* Your assignment: The records underneath are to be printed in full and exactly, with no pictures carried over.

(Captioned web images)

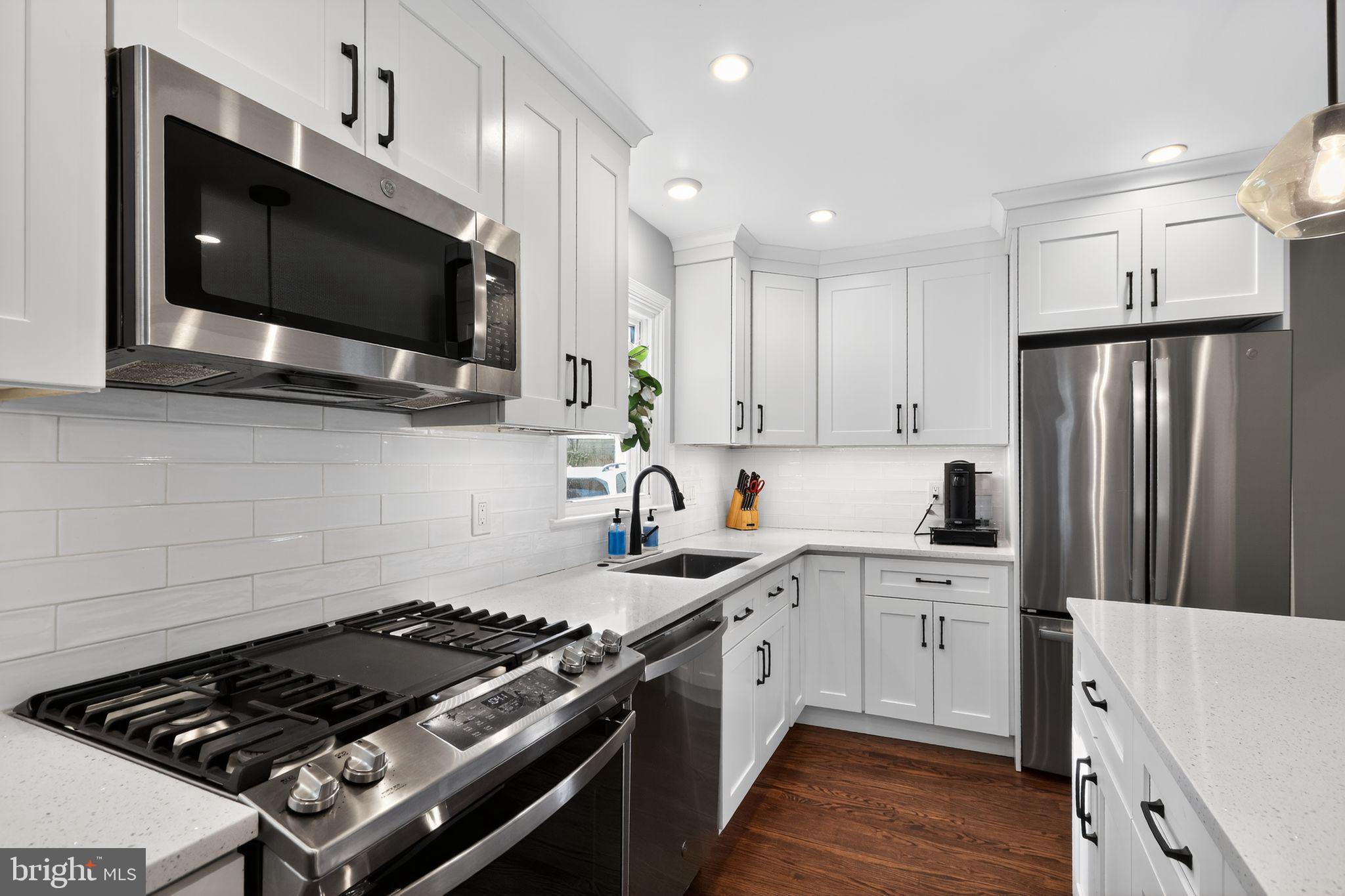 214 Lynbrooke Road Springfield, PA 19064 - Photo 12 of 42 a kitchen with stainless steel appliances a sink a stove a microwave cabinets and wooden floor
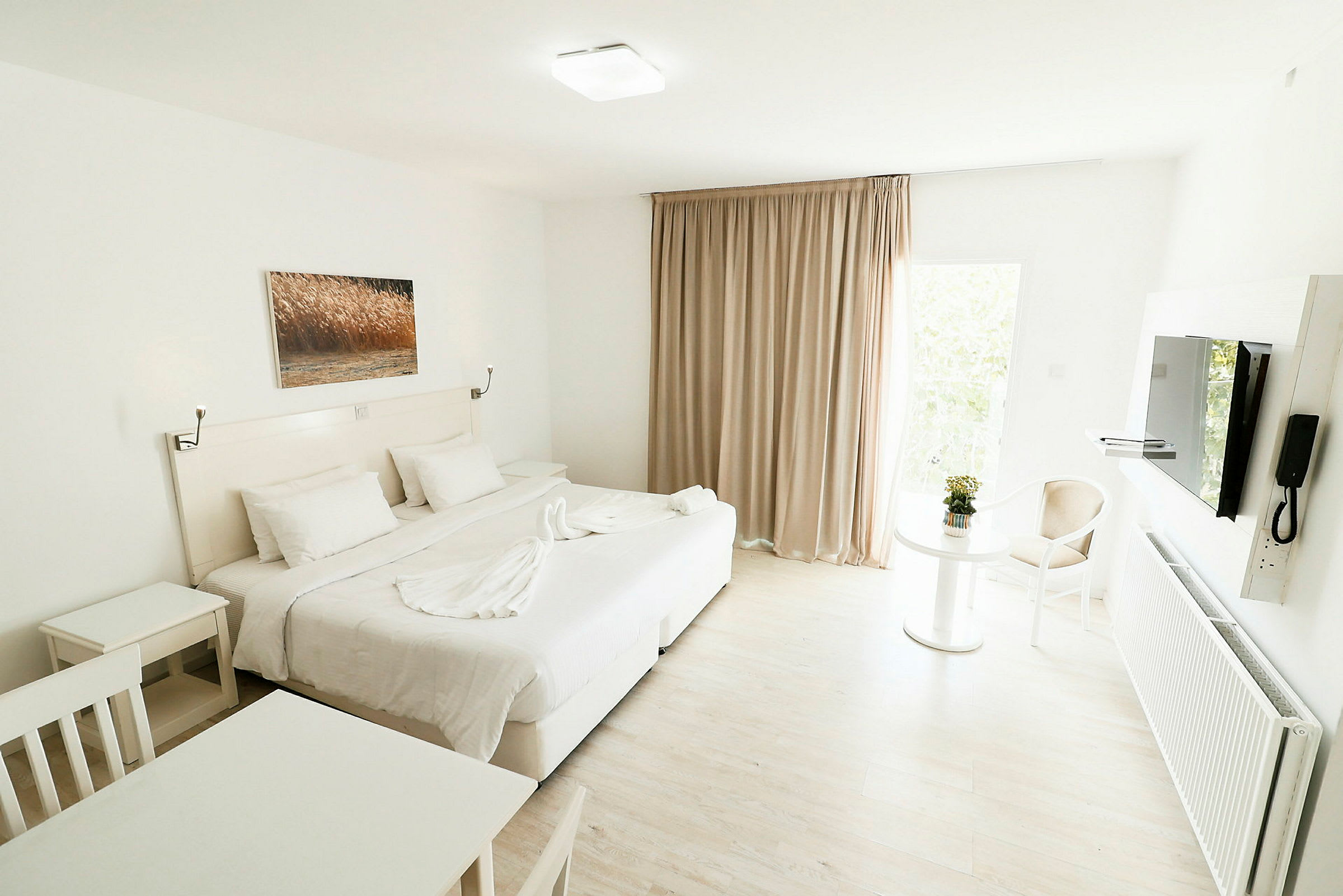 Valoisa ja moderni hotellihuone, jossa on suuri sänky, valkoiset huonekalut ja taulu seinällä. Pöytä, jossa kukka ja tuoli, näkyy ikkunan ääressä beigejen verhojen kanssa. (Tekoälyn luoma teksti)
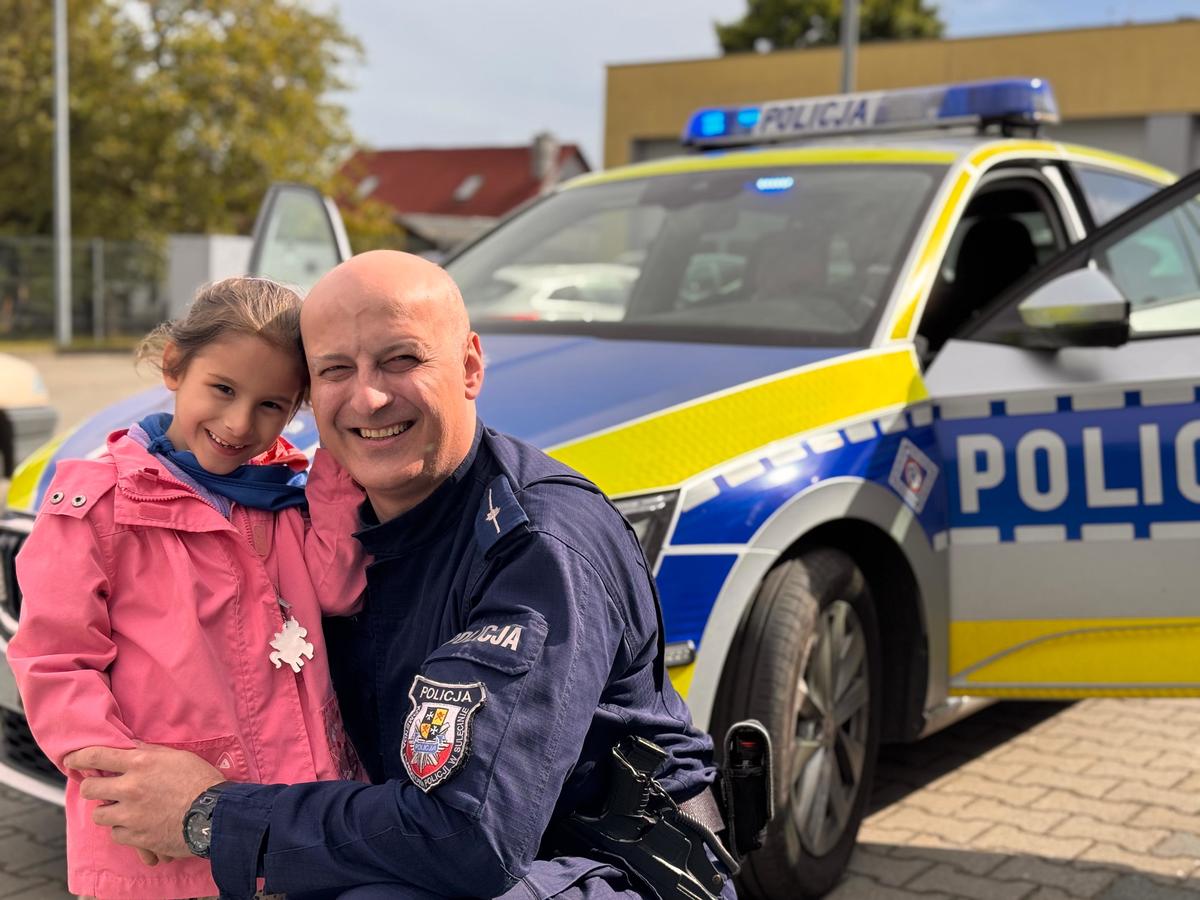 Policjant z córeczką na tle radiowozu. 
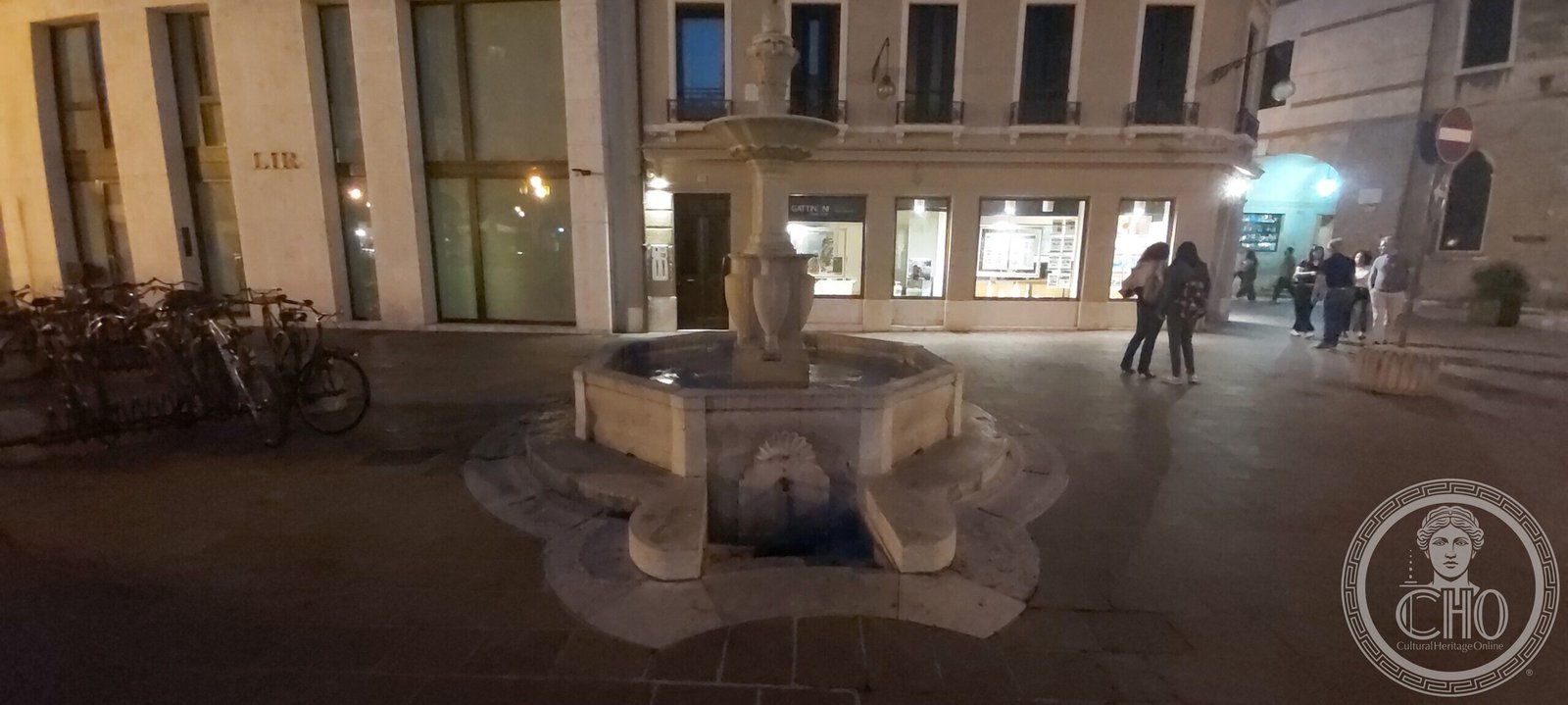 The fountain of Piazza San Vito seen across the paved square in the evening, with shop fronts and passers-by behind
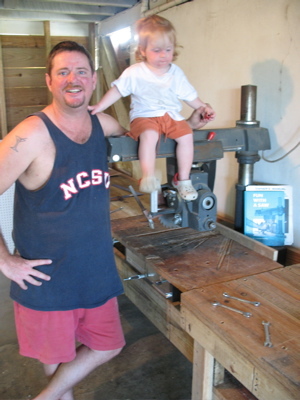 Alejandro helping Dad build the new workshop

* Answer area:
 214 Lynbrooke Road Springfield, PA 19064 - Photo 12 of 42 a kitchen with stainless steel appliances a sink a stove a microwave cabinets and wooden floor
 Valoisa ja moderni hotellihuone, jossa on suuri sänky, valkoiset huonekalut ja taulu seinällä. Pöytä, jossa kukka ja tuoli, näkyy ikkunan ääressä beigejen verhojen kanssa. (Tekoälyn luoma teksti)
 Policjant z córeczką na tle radiowozu. 
 The fountain of Piazza San Vito seen across the paved square in the evening, with shop fronts and passers-by behind
 Alejandro helping Dad build the new workshop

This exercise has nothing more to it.